An immediate response is crucial when managing a crisis

Article written by Marana Brand, Stone Consultant

It is unavoidable that at some point, your business will suffer a failure that disappoints customers. How your company reacts, explains, removes the pain, and takes accountability for its actions, signals how you think about customers and the collective heart of your organisation.

The rise of online and social media also means crises are now less predictable, can occur faster, and with a more drastic impact.

It is the critical hours after a crisis breaks that can significantly tarnish a company’s reputation in the eyes of its customers, suppliers, employees, stakeholders, media, and public at large, as well as its value. 

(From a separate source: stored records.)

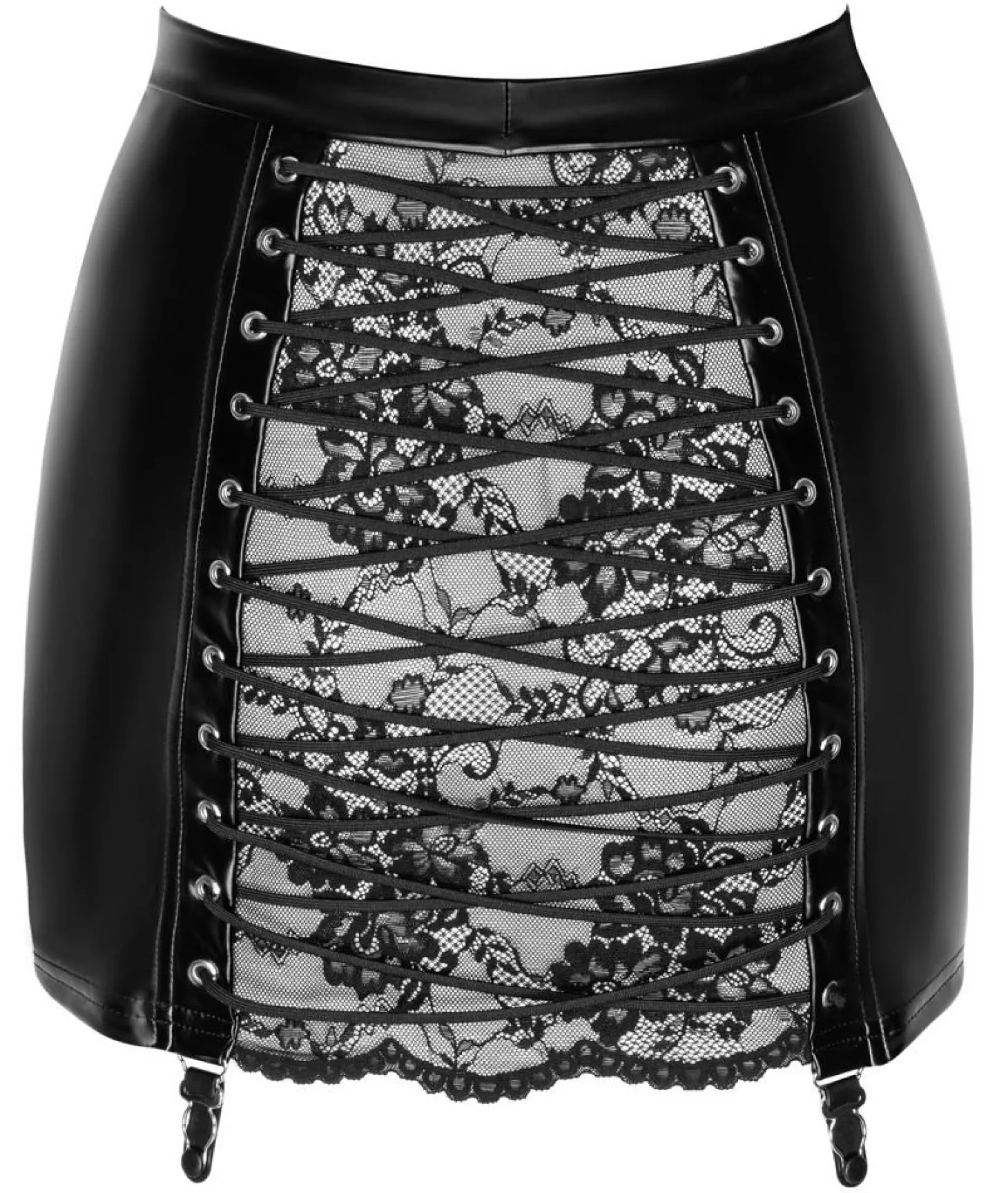Noir Handmade – Corset Powerwetlook & Kant Minirok – Zwart
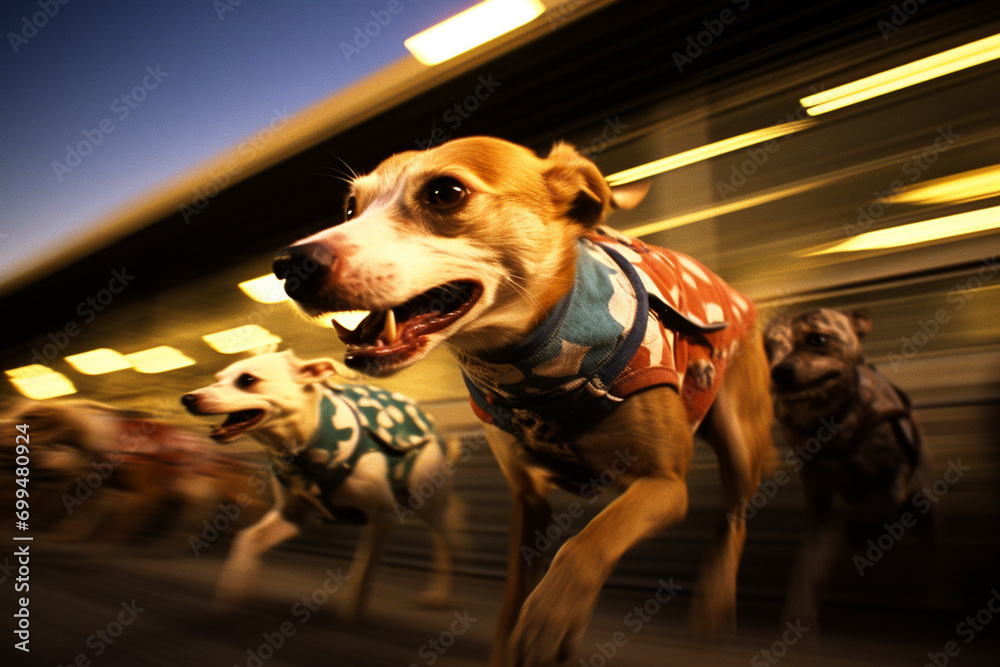 Poster racing dogs in full velocity, forming abstract streaks that convey the intense speed and competition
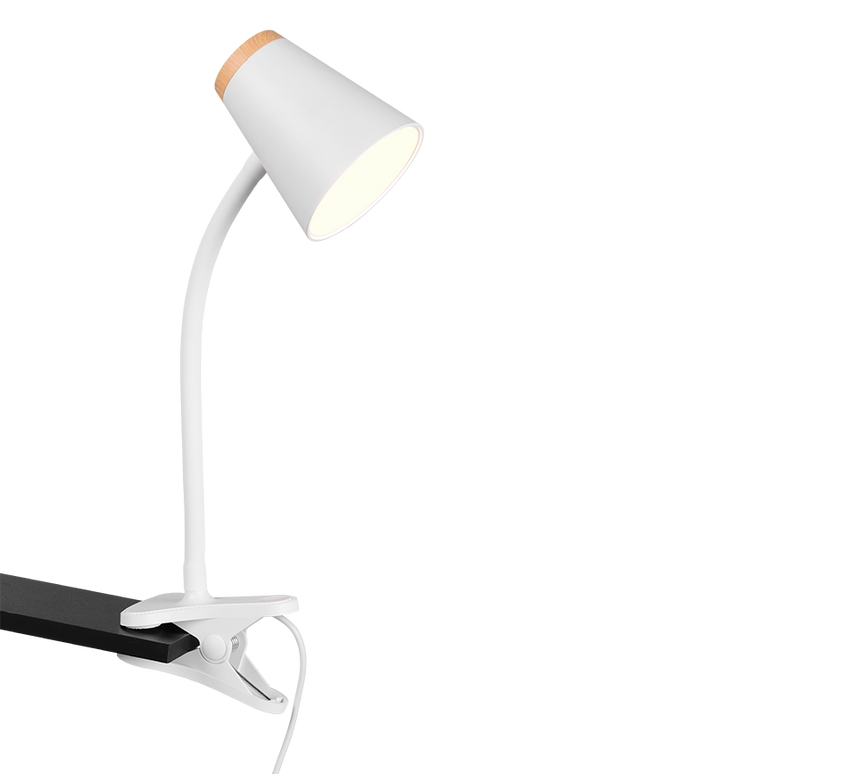 Flexo con pinza Trio Pongo LED 3000K blanco — ref. R25831101 (1)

There are seven non-negotiables when it comes to managing a crisis successfully:

1. A crisis can strike any company anytime, anywhere. Advanced planning is the key to survival. A written plan should include specific actions that will be taken in the event of a crisis:

  • Identify where things could potentially go wrong and how you’d react to each.
  • Have the right tools and resources in place to identify when a potential crisis is brewing.
  • Have a system to very quickly identify what level of crisis you’re dealing with and who’s responsible for driving the response.
  • Have reporting processes in place so that you can keep the relevant people informed at all stages during a crisis.

As you develop your crisis management plan, seek advice from the experts. This include your leadership team, employees, customers, communications experts, investment bankers, exit planners, lawyers and financial managers.

It’s advisable to consider having a crisis management consultant handling potential crises. They have probably handled situations similar to yours before and can put that experience to work for you. A good consultant will also have good relationships with the media, government regulators and other role-players.

Lawyers may not be the best choice for leading a crisis management effort. That’s because they are hard-wired to avoid lawsuits. As such, they’re likely to shut down any communications efforts or tie them up with restrictions and legal language, when candor and clarity are called for.

2. Identify a spokesperson. One of the simplest and most effective methods for defusing a crisis is for the company spokesperson to immediately express genuine concern and apologise for any disruptions, damage or loss of life.

It is never advisable to respond to questions with “no comment”. Even if it is something as simplistic as that you are still investigating the matter or gathering information, do not ignore all questions.

During a crisis, any news vacuum will be filled with rumours and speculation (usually negative), especially on social media. The key to an effective statement is, however, to provide only what you know to be factual, not to speculate or shade the truth.

3. Being as open and transparent as possible – through all communications channels – can help stop rumours and defuse a potential media frenzy.

4. Maintaining an informed workforce helps ensure that business continues to flow as smoothly as possible. It also minimises the internal rumour mill that may lead to employees posting false reports on social media.

5. Communicate with customers and suppliers. You do not want customers and suppliers to learn about your crisis through the media. Information on any crisis should come from you first.

6. It is better to over-communicate than to allow rumours to fill the void. Issue summary statements, updated action plans and new developments as early and as often as possible.

7. Social media is one of the most important channels of communication. Be sure to establish a social media team to monitor, post and react to social media activity throughout the crisis.